Prompt:
For the data below, give again exactly the lines from the one containing "We are having" through the one containing "Now, what you", both ends included, and no others.

Exercise input:
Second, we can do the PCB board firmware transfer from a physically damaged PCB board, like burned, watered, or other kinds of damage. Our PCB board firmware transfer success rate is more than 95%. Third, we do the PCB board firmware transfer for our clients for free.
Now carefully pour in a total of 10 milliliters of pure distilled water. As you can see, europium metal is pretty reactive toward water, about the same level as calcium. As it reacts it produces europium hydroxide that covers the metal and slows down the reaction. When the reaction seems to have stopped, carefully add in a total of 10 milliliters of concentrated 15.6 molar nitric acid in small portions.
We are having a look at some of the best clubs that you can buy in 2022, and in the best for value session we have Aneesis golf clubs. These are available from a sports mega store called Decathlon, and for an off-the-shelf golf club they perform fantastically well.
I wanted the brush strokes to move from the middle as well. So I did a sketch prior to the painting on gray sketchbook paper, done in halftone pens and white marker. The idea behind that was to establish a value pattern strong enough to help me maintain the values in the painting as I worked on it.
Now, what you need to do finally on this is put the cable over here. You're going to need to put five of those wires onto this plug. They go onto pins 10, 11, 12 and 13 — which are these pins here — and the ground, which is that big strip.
...
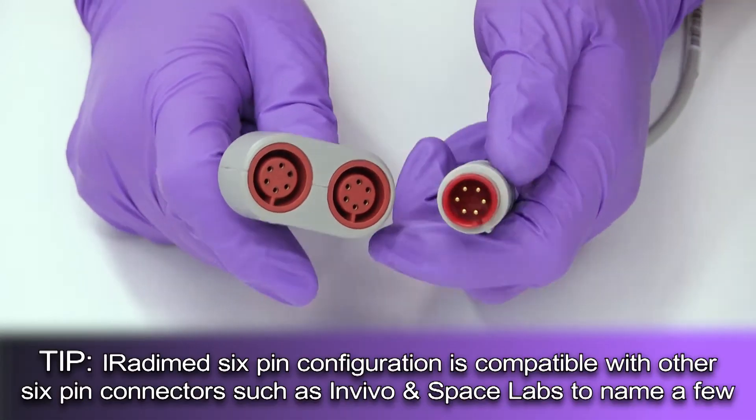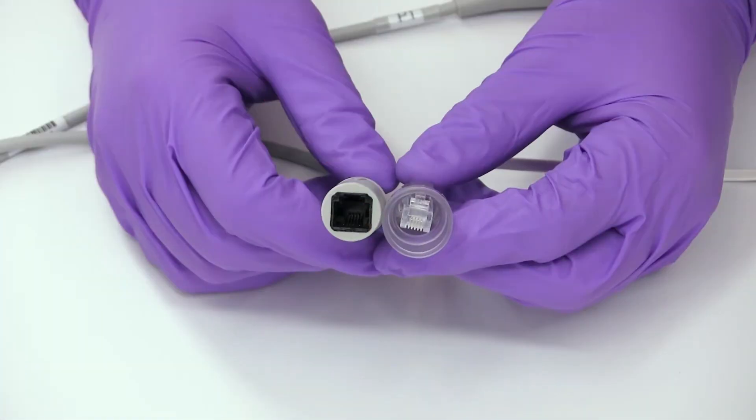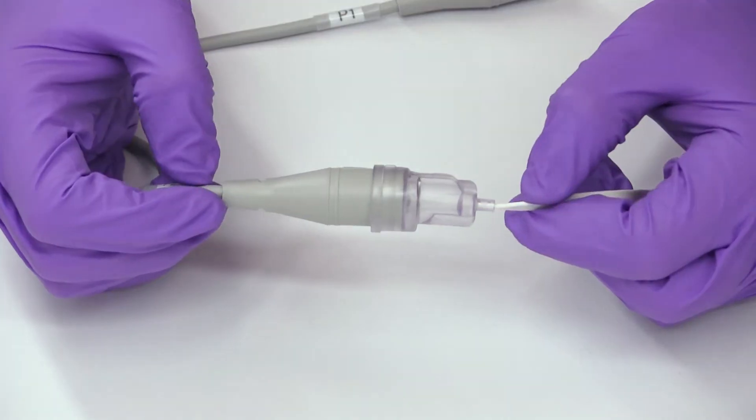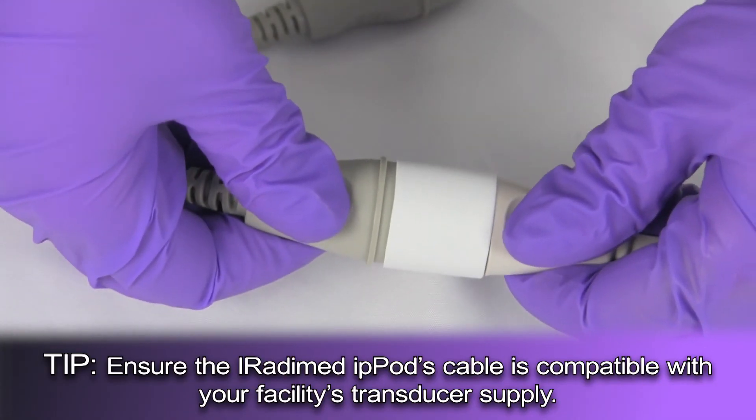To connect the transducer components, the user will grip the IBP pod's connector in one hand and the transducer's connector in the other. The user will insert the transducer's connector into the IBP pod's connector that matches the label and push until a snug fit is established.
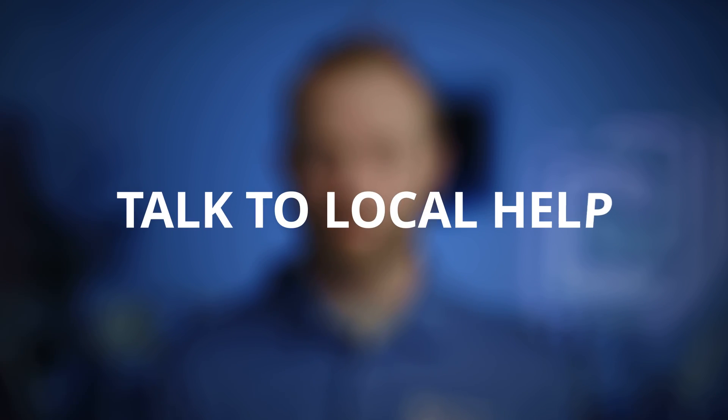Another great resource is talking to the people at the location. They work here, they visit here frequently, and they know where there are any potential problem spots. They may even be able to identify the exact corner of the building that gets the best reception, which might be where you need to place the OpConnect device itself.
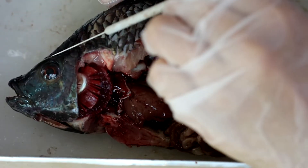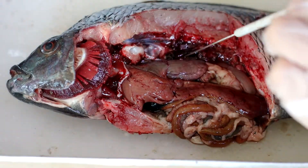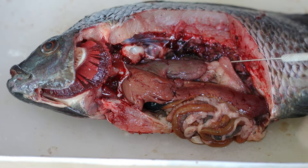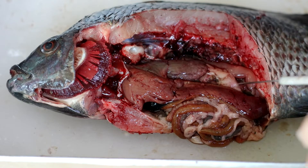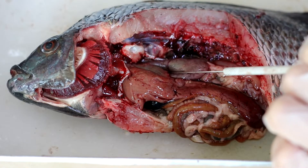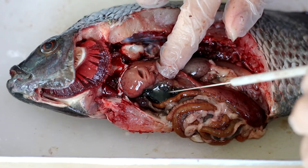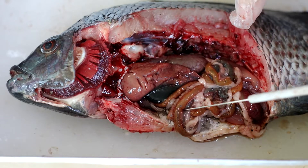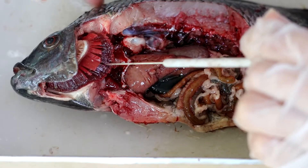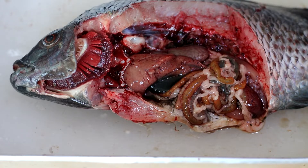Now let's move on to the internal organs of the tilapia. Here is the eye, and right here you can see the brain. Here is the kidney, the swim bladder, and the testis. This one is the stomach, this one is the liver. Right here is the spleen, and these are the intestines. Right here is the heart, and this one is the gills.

Written response:
We are having a look at some of the best clubs that you can buy in 2022, and in the best for value session we have Aneesis golf clubs. These are available from a sports mega store called Decathlon, and for an off-the-shelf golf club they perform fantastically well.
I wanted the brush strokes to move from the middle as well. So I did a sketch prior to the painting on gray sketchbook paper, done in halftone pens and white marker. The idea behind that was to establish a value pattern strong enough to help me maintain the values in the painting as I worked on it.
Now, what you need to do finally on this is put the cable over here. You're going to need to put five of those wires onto this plug. They go onto pins 10, 11, 12 and 13 — which are these pins here — and the ground, which is that big strip.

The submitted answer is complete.